Section A (Q1–Q20: MCQs, 1 mark each)
🔵 Q1. The force responsible for the revolution of planets around the Sun is:
Electrostatic force
Nuclear force
Gravitational force
Magnetic force
Answer: 3

🟢 Q2. Value of acceleration due to gravity (g) near the Earth’s surface is about:
9.8 m/s^2
6.67 m/s^2
3.6 m/s^2
1.6 m/s^2
Answer: 1

🟡 Q3. When a body is dropped from a certain height, neglecting air resistance, its velocity increases because of:
Inertia
Gravitational pull
Magnetic force
Frictional force
Answer: 2

🔴 Q4. Which of the following is a vector quantity?
Speed
Weight
Mass
Distance
Answer: 2

🟣 Q5. The weight of a body on the Moon is:
1/2 of Earth weight
1/6 of Earth weight
Same as Earth weight
Double of Earth weight
Answer: 2

🟤 Q6. The force that keeps the moon in its orbit around the Earth is:
Nuclear force
Gravitational force
Electrostatic force
Friction
Answer: 2

🟠 Q7. A ball is thrown vertically upward. At maximum height its velocity is:
Zero
g
Maximum
Cannot be determined
Answer: 1

🔵 Q8. SI unit of pressure is:
Dyne/cm^2
Newton
Pascal
kg m/s^2
Answer: 3

🟢 Q9. The value of g at the centre of Earth is:
9.8 m/s^2
Zero
Infinite
4.9 m/s^2
Answer: 2

🟡 Q10. The formula for gravitational force is:
F = G m1 m2 / r^2
F = m a
F = k q1 q2 / r^2
F = p h g
Answer: 1

Assertion–Reason (Q11–Q20)
🟣 Q11.
Assertion (A): Every object attracts every other object in the universe.
Reason (R): Gravitational force is a universal force.
Options:
Both A and R true; R correct explanation
Both A and R true; R not explanation
A true; R false
A false; R true
Answer: 1

🟤 Q12.
A: Weight of a body changes from place to place.
R: Weight depends on value of g.
Answer: 1

🟠 Q13.
A: Mass of a body changes on the Moon.
R: Mass depends on gravity.
Answer: 3

🔵 Q14.
A: Pressure = Force / Area.
R: For same force, smaller area → greater pressure.
Answer: 1

🟢 Q15.
A: Buoyant force acts upward on an object in fluid.
R: Pressure in fluid increases with depth.
Answer: 1

🟡 Q16.
A: Density = Mass / Volume.
R: SI unit of density is kg/m^3.
Answer: 1

🔴 Q17.
A: A ship made of iron floats on water.
R: It displaces water equal to its own weight.
Answer: 1

🟣 Q18.
A: Acceleration due to gravity decreases with height.
R: g ∝ 1 / (R + h)^2.
Answer: 1

🟤 Q19.
A: Atmospheric pressure is due to weight of air column.
R: Pressure decreases with altitude.
Answer: 2

🟠 Q20.
A: g is constant everywhere on Earth.
R: Earth is a perfect sphere.
Answer: 4

Section B (Q21–Q26: VSA, 2 marks)
🔵 Q21. Define free fall.
Answer: When objects fall under the influence of Earth’s gravity alone, without air resistance, it is free fall.

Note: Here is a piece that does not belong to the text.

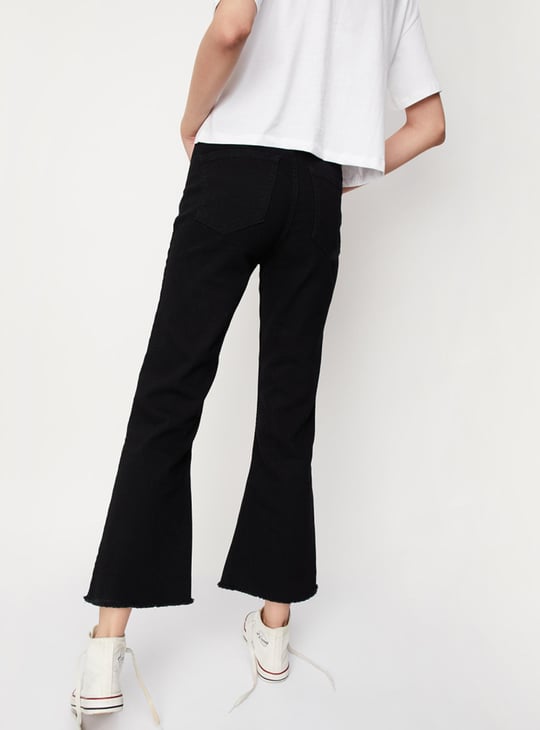 Women Solid Kick Flare Jeans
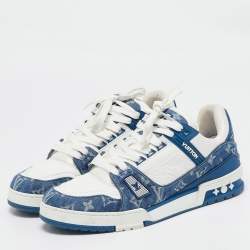 Louis Vuitton Blue/White Leather and Denim LV Trainer Sneakers Size 43.5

🟢 Q22. Write two differences between mass and weight.
Answer:
Mass is amount of matter; weight is force of gravity.
Mass constant everywhere; weight changes with g.

🟡 Q23. Write the SI units of:
(a) G (b) g.
Answer:
(a) G → N m^2 / kg^2
(b) g → m/s^2

🔴 Q24. Why does a body weigh less at the equator?
Answer: At equator, effective g is less due to Earth’s rotation and bulging.

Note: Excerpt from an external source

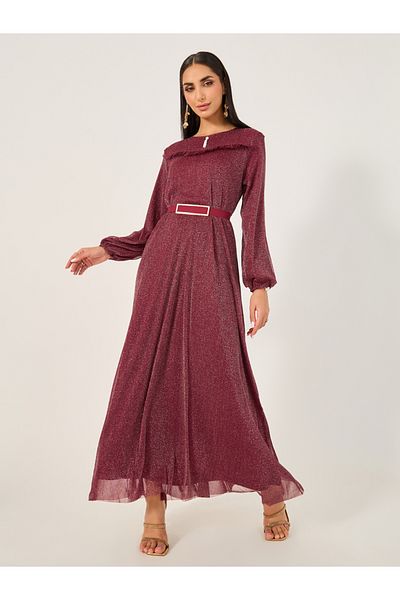 Take Two By Styli Shimmer Belted Cuffed Sleeves A-Line Jalabiya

🟣 Q25. State Archimedes’ principle.
Answer: Body immersed in fluid experiences upward thrust equal to weight of fluid displaced.

🟤 Q26. A ball of mass 1 kg has weight 9.8 N on Earth. Find its weight on Moon.
Answer: Weight = 9.8 / 6 = 1.63 N.

Section C (Q27–Q33: SA, 3 marks)
🟠 Q27. State the universal law of gravitation and give its importance.
Answer: F = G m1 m2 / r^2. It explains fall of bodies, planetary motion, tides, etc.

🔵 Q28. A 60 kg person weighs less on Moon. Calculate weight.
Steps:
Mass = 60 kg
g on Moon = g/6 = 9.8/6 = 1.63 m/s^2
W = m g = 60 x 1.63 = 97.8 N
Final: 97.8 N.

🟢 Q29. Why do raindrops become spherical?
Answer: Due to surface tension of water trying to minimize surface area.

🟡 Q30. Derive the formula for acceleration due to gravity at Earth’s surface.
Answer:
Force on mass m: F = G M m / R^2
Weight: W = m g
Equating: m g = G M m / R^2
g = G M / R^2

🔴 Q31. Calculate force between two bodies each of mass 100 kg, kept 1 m apart. (G = 6.67 x10^-11)
Steps:
m1 = m2 = 100 kg, r = 1 m
F = G m1 m2 / r^2
= 6.67 x10^-11 x 100 x 100 / 1
= 6.67 x10^-11 x 10^4
= 6.67 x10^-7 N
Final: 6.67 x10^-7 N.

🟣 Q32. Why does a stone fall faster in air than a feather?
Answer: Both have same g, but air resistance opposes feather more (larger area), so it falls slower.

🟤 Q33. A piece of iron of volume 0.05 m^3 has density 7800 kg/m^3. Find its mass and weight.
Steps:
Density = mass / volume
Mass = density x volume = 7800 x 0.05 = 390 kg
Weight = m g = 390 x 9.8 = 3822 N
Final: Mass 390 kg; Weight 3822 N.


Section D (Q34–Q36: LA, 5 marks each)
🔵 Q34. Derive the equations of motion for a body under free fall. Show each step clearly.
Answer:
Under free fall, acceleration = g.
First equation:
v = u + g t
(from definition of acceleration)
Second equation:
s = u t + ½ g t²
(using displacement formula with uniform acceleration)
Third equation:
v² − u² = 2 g s
(eliminating t between 1st and 2nd equation)
✔️ These three equations describe motion under gravity.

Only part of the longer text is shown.